ASSIGNMENT:
Return the entries below exactly as written.

DATA SHOWN:
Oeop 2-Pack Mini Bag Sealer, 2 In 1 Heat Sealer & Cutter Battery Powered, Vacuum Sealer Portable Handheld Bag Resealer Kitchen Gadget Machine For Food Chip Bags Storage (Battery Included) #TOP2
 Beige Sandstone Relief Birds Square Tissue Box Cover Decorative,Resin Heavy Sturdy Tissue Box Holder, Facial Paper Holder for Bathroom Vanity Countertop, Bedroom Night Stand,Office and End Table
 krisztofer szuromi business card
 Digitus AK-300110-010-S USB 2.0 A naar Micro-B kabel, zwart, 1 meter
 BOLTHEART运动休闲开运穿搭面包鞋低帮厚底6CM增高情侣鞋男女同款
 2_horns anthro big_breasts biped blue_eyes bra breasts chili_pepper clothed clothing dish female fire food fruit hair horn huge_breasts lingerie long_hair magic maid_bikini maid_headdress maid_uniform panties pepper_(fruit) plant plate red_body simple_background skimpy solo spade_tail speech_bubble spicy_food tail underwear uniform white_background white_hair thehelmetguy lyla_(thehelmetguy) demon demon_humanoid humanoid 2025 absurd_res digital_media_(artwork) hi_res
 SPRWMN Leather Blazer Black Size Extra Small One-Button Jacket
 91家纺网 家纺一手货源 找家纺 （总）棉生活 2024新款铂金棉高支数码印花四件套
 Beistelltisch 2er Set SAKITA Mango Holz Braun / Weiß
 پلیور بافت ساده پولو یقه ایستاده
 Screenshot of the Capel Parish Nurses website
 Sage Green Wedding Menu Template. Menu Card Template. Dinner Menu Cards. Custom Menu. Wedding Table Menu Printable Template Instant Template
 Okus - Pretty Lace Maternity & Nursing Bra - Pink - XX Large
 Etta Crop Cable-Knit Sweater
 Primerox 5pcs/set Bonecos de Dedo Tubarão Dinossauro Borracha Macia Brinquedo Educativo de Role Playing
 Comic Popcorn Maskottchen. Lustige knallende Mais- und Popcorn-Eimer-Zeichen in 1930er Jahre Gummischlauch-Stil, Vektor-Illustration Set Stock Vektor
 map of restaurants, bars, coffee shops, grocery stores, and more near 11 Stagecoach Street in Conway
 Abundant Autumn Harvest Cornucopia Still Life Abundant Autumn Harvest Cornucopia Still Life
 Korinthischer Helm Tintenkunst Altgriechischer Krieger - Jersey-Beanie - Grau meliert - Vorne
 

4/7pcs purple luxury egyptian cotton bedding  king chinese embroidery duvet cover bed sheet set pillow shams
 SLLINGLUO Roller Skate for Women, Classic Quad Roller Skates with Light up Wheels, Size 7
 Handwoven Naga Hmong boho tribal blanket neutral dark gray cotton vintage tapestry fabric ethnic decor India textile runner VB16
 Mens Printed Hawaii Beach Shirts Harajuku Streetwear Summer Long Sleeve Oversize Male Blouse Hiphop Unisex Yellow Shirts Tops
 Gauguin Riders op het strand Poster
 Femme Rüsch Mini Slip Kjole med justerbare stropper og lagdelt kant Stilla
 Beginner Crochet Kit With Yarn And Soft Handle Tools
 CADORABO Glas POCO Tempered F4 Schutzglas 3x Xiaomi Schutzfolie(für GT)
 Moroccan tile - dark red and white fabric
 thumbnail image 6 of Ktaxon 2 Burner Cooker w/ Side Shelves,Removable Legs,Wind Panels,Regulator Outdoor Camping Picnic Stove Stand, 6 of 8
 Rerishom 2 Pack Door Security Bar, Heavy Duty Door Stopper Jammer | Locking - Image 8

ANSWER TO THE PROBLEM:
Oeop 2-Pack Mini Bag Sealer, 2 In 1 Heat Sealer & Cutter Battery Powered, Vacuum Sealer Portable Handheld Bag Resealer Kitchen Gadget Machine For Food Chip Bags Storage (Battery Included) #TOP2
 Beige Sandstone Relief Birds Square Tissue Box Cover Decorative,Resin Heavy Sturdy Tissue Box Holder, Facial Paper Holder for Bathroom Vanity Countertop, Bedroom Night Stand,Office and End Table
 krisztofer szuromi business card
 Digitus AK-300110-010-S USB 2.0 A naar Micro-B kabel, zwart, 1 meter
 BOLTHEART运动休闲开运穿搭面包鞋低帮厚底6CM增高情侣鞋男女同款
 2_horns anthro big_breasts biped blue_eyes bra breasts chili_pepper clothed clothing dish female fire food fruit hair horn huge_breasts lingerie long_hair magic maid_bikini maid_headdress maid_uniform panties pepper_(fruit) plant plate red_body simple_background skimpy solo spade_tail speech_bubble spicy_food tail underwear uniform white_background white_hair thehelmetguy lyla_(thehelmetguy) demon demon_humanoid humanoid 2025 absurd_res digital_media_(artwork) hi_res
 SPRWMN Leather Blazer Black Size Extra Small One-Button Jacket
 91家纺网 家纺一手货源 找家纺 （总）棉生活 2024新款铂金棉高支数码印花四件套
 Beistelltisch 2er Set SAKITA Mango Holz Braun / Weiß
 پلیور بافت ساده پولو یقه ایستاده
 Screenshot of the Capel Parish Nurses website
 Sage Green Wedding Menu Template. Menu Card Template. Dinner Menu Cards. Custom Menu. Wedding Table Menu Printable Template Instant Template
 Okus - Pretty Lace Maternity & Nursing Bra - Pink - XX Large
 Etta Crop Cable-Knit Sweater
 Primerox 5pcs/set Bonecos de Dedo Tubarão Dinossauro Borracha Macia Brinquedo Educativo de Role Playing
 Comic Popcorn Maskottchen. Lustige knallende Mais- und Popcorn-Eimer-Zeichen in 1930er Jahre Gummischlauch-Stil, Vektor-Illustration Set Stock Vektor
 map of restaurants, bars, coffee shops, grocery stores, and more near 11 Stagecoach Street in Conway
 Abundant Autumn Harvest Cornucopia Still Life Abundant Autumn Harvest Cornucopia Still Life
 Korinthischer Helm Tintenkunst Altgriechischer Krieger - Jersey-Beanie - Grau meliert - Vorne
 

4/7pcs purple luxury egyptian cotton bedding  king chinese embroidery duvet cover bed sheet set pillow shams
 SLLINGLUO Roller Skate for Women, Classic Quad Roller Skates with Light up Wheels, Size 7
 Handwoven Naga Hmong boho tribal blanket neutral dark gray cotton vintage tapestry fabric ethnic decor India textile runner VB16
 Mens Printed Hawaii Beach Shirts Harajuku Streetwear Summer Long Sleeve Oversize Male Blouse Hiphop Unisex Yellow Shirts Tops
 Gauguin Riders op het strand Poster
 Femme Rüsch Mini Slip Kjole med justerbare stropper og lagdelt kant Stilla
 Beginner Crochet Kit With Yarn And Soft Handle Tools
 CADORABO Glas POCO Tempered F4 Schutzglas 3x Xiaomi Schutzfolie(für GT)
 Moroccan tile - dark red and white fabric
 thumbnail image 6 of Ktaxon 2 Burner Cooker w/ Side Shelves,Removable Legs,Wind Panels,Regulator Outdoor Camping Picnic Stove Stand, 6 of 8
 Rerishom 2 Pack Door Security Bar, Heavy Duty Door Stopper Jammer | Locking - Image 8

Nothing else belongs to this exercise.